When we come to look at the explanations which have been given as to why the Government do not wish to do anything at this present moment, I am struck by two facts. There is nothing left in the statement given by the noble Lord, Lord Mills, which can support that position, except that we are relying, in the meantime, upon other supplies coming in by import from abroad. Whatever explanation could be given, I think the imports, some of them valuable, coming in will also be the products of companies abroad which are subsidiaries or otherwise of these two concerns.
I still have not seen any answer on that point, therefore, which destroys our prima facie case, but on the general philosophy which he indicated, the noble Viscount then seemed to bring my memory back to our operations in the wider sense of whether industry should be large or not. Nobody hopes to be 1200 able to keep back the floodgates of this growth in size, whether it be in the sphere of a local supermarket or the development of an organisation which supplies the great markets of the world. Nobody thinks he is going to keep them back. But we have still to protect the public interest. That is vital, and that is where we are not getting a policy at the moment to prevent what may be a tragedy and disaster.
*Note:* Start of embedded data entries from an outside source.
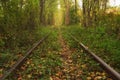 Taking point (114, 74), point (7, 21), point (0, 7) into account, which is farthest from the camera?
point (7, 21)

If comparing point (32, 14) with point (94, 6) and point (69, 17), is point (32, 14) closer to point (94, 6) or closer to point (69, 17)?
point (94, 6)

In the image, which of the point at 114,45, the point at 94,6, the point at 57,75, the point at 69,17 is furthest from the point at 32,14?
the point at 69,17

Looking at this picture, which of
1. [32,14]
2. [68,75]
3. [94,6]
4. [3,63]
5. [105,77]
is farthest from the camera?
[94,6]

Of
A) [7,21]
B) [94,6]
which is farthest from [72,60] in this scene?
[94,6]

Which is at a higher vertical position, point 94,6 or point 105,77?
point 94,6

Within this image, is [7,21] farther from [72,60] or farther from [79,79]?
[79,79]

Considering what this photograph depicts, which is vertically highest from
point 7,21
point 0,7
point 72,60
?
point 0,7

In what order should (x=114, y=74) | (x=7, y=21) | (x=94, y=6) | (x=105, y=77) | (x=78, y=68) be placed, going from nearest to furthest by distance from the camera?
(x=114, y=74) → (x=105, y=77) → (x=78, y=68) → (x=7, y=21) → (x=94, y=6)

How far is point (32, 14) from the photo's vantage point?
62.4 ft

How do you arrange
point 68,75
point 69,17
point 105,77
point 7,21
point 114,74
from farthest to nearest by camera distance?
point 69,17 → point 7,21 → point 68,75 → point 105,77 → point 114,74

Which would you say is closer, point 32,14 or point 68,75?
point 68,75

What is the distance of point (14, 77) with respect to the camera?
227 inches

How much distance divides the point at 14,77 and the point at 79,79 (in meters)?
1.65

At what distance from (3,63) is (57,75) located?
2.26 meters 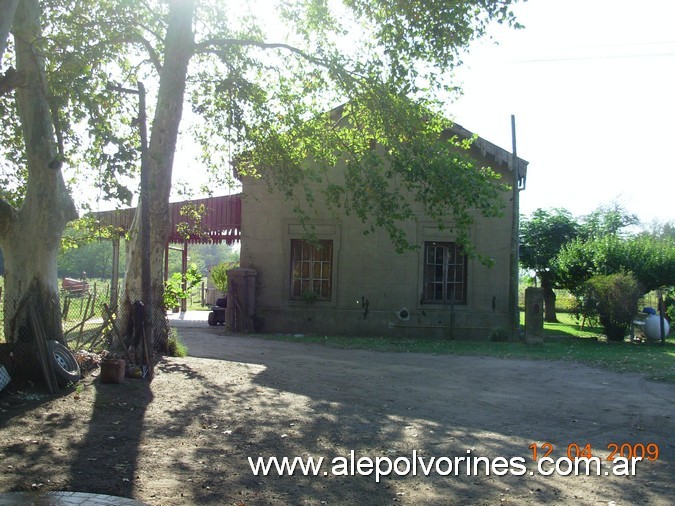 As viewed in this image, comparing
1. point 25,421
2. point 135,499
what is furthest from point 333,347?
point 135,499

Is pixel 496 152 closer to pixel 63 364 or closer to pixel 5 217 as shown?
pixel 5 217

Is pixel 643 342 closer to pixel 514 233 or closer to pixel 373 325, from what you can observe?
pixel 514 233

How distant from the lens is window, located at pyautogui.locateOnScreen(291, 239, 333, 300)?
19.8 m

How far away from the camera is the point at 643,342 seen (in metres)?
19.2

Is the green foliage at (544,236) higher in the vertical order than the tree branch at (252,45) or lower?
lower

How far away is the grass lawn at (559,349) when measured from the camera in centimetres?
1313

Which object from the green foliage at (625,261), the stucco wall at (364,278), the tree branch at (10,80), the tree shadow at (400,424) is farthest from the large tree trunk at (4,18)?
the green foliage at (625,261)

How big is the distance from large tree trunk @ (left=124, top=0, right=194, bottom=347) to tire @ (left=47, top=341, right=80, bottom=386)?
7.81 feet

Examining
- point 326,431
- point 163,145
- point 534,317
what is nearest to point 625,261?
point 534,317

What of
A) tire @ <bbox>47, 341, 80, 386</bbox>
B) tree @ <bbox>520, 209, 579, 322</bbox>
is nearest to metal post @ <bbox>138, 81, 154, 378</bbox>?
tire @ <bbox>47, 341, 80, 386</bbox>

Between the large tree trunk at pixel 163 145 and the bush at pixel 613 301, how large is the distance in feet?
43.5

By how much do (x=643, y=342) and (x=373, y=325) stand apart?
7.98 m

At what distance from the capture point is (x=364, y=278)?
63.9 feet

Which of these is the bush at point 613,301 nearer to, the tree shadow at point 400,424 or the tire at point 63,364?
the tree shadow at point 400,424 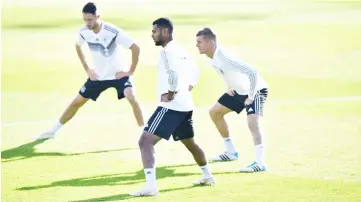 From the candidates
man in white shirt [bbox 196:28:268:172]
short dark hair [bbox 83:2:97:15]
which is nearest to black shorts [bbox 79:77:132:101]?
short dark hair [bbox 83:2:97:15]

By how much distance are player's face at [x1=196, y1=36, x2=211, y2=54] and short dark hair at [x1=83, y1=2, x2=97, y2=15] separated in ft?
6.62

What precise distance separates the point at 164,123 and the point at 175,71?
55cm

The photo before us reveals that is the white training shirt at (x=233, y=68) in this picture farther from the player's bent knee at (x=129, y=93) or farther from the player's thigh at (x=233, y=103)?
the player's bent knee at (x=129, y=93)

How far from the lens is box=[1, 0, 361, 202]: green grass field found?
10.3 m

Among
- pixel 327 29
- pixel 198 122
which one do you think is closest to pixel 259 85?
pixel 198 122

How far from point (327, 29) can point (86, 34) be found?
702 inches

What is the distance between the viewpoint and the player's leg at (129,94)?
12.6 meters

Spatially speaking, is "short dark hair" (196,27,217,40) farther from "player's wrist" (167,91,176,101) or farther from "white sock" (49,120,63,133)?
"white sock" (49,120,63,133)

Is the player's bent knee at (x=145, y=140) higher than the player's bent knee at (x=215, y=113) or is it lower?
lower

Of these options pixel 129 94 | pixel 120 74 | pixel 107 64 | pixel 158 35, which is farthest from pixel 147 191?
pixel 107 64

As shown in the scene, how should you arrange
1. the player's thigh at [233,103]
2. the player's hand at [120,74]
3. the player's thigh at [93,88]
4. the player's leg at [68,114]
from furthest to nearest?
the player's leg at [68,114] < the player's thigh at [93,88] < the player's hand at [120,74] < the player's thigh at [233,103]

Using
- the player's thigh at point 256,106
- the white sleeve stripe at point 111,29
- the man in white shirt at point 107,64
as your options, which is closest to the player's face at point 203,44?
the player's thigh at point 256,106

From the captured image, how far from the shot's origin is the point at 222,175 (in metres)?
10.9

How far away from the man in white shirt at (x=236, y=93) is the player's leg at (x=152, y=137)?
3.86ft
I am glad to note that the noble Viscount the Leader of the House feels sad in his heart at the spectacle, as it is called, of these two great organisations being in this position at the present time. But if he goes back to consider the philosophy of this matter, and the position of nationalised industries and the way in which they were talked about to-day by the noble Lord, Lord Hawke, let him not forget that you have done things before without an inquiry. You did not have a public inquiry as to whether you should hive off the great and growing part of the Transport Commission, the road transport. But you can tell us to-night that the railways have still to face that competition. That does not seem to go in exactly the same line of argument that we have been listening to to-night. Nor can you say that with regard to a firm of which I have personal experience, Browne's, who were producing compasses, of which we were so short, and the product was so poor in quantity that we had to take them over in the war without any inquiry or any real consultation. The Government reversed the decision without reference to public interest and only on the basis of private profit.
However, I do not want to make another long speech, but I was so intrigued by the arguments produced by the noble Viscount that I felt he ought to know exactly how I was feeling. I admired tremendously the oratory with which he stated a case so poor in content. We will not withdraw the Amendment and certainly shall not bother the House to divide, but we shall let it be negatived.
§ On Question, Motion for Papers negatived.